Business operators may initially find travel exciting but, as one business travel expert points out, there are many issues – from personal security to loneliness – that can arise for frequent flyers.
Kimberley Saddington of Flight Centre Business Travel said that loneliness is an unhappy and often-overlooked reality for many business travellers.
“In between the tightly packed schedules filled with meetings and conferences, there is a lot of time spent alone for travelling business men and women and it’s easy to hole up in hotel rooms alone, especially in the evenings,” she said.
“While some seasoned business travellers say they get used to it, it can still be hard at the best of times and it’s often a shock for those who are new to the world of business travel."

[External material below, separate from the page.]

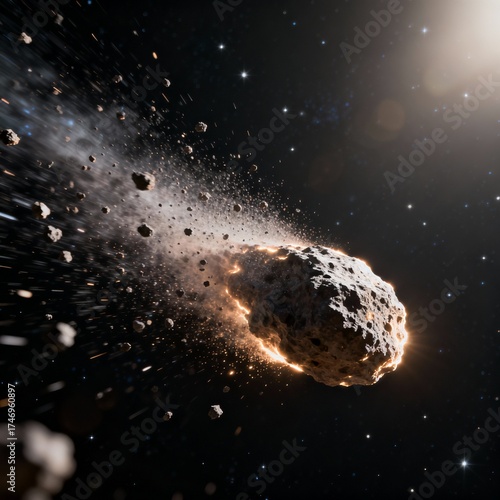 Icy nucleus of 3I/ATLAS emerging from a diffuse, glowing coma of gas and dust, backlit by sunlight, stars in background barely visible, cinematic.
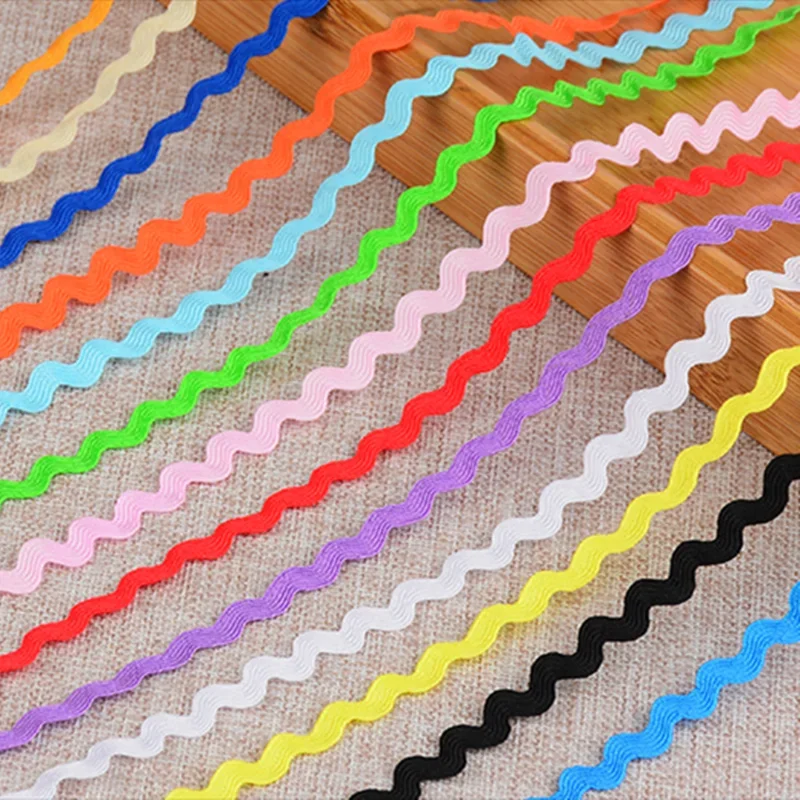 15Yards/Lot 6mm nastro di Terylene multicolore Ric Rac Zig Zag nastro di pizzo per Patchwork Craft decorazione natalizia di nozze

Ms Saddington has the following tips for solo business travellers to help them make the most of their journeys without getting frustrated in the process.
Don’t dine alone
“Room service might seem like the most convenient option for business travellers, but sitting along in a hotel room can be more lonesome than sitting alone in a restaurant,” she said.
“If you feel too uncomfortable dining alone, an invitation to dinner is a great way to impress clients or co-workers, or dinner could be used to catch up with friends or family you may have in your destination.”
Utilise commercial spaces
“The open and communal spaces in hotels like lounges or lobbies are a great place to get some work done away from your hotel room, plus the change of scenery could increase your productivity."

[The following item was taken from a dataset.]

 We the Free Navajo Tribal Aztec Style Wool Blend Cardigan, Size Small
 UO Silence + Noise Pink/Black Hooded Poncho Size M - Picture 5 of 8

The concierge is your best friend
“Hotel concierges are a valuable source of local knowledge; they can help with restaurant recommendations, provide directions and arrange transport,” said Ms Saddington.

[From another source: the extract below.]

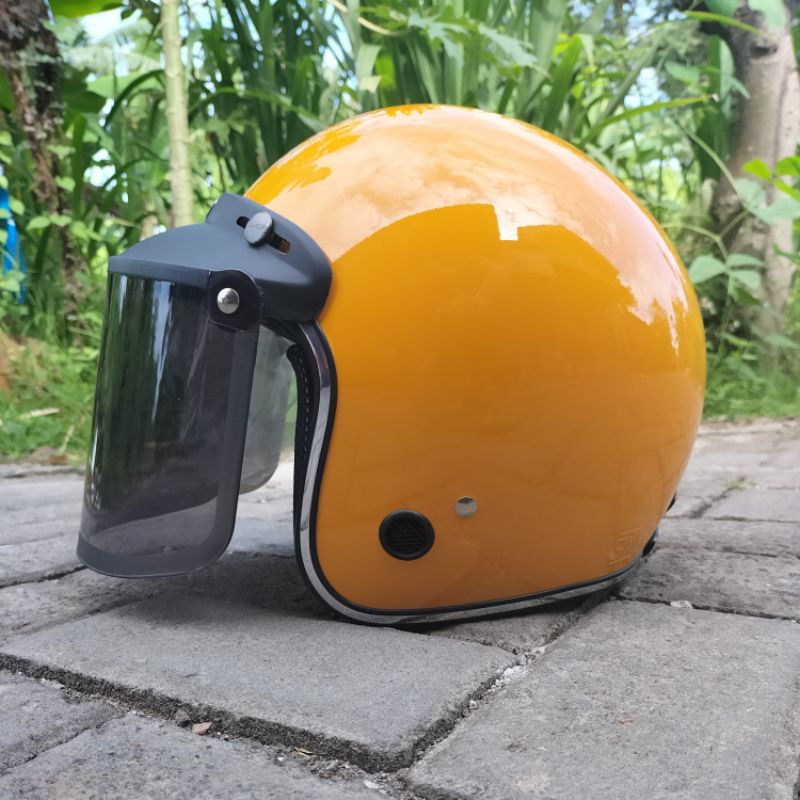 HELM BOGO LIST CHROME ORIGINAL SNI RETRO DEWASA KACA DATAR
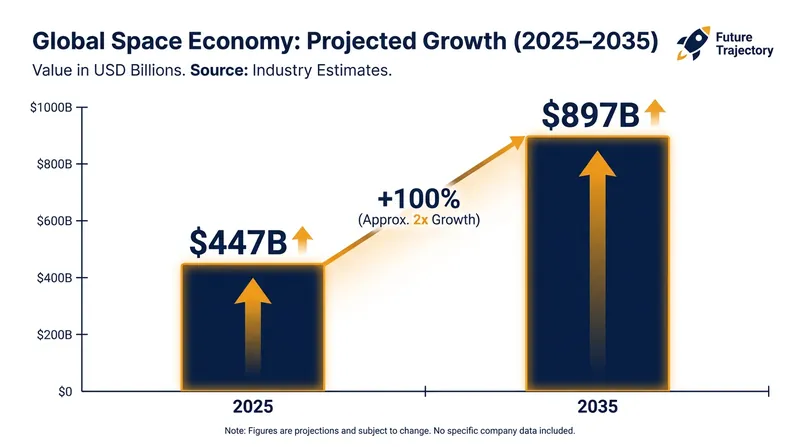 Driven by cheaper access to orbit, the global space economy is projected to double over the next decade.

“If you’re in a foreign destination that you have never been to, the concierge can also offer helpful safety information like areas or situations to avoid, as well as any sightseeing tips if you have time.”
Take the time to explore
“Sometimes it can be difficult to find free time during work trips with the schedule often packed with meetings, but if you do find yourself with a few free hours in a foreign destination, then try to get out and explore.
“Find a few must-sees in the area or see if there are some local tours you can join; these will get you out and about with a group of people.”
Don’t appear to be alone
“Appearing to be travelling with someone else makes you less vulnerable,” Ms Saddington said.
“It’s easy to give this impression by using ‘we’ when discussing anything about your trip with strangers. Book a table for two at restaurants and reserve the second seat with your jacket or bag. Never give out your hotel name or room number and use only your surname on room service order slips.”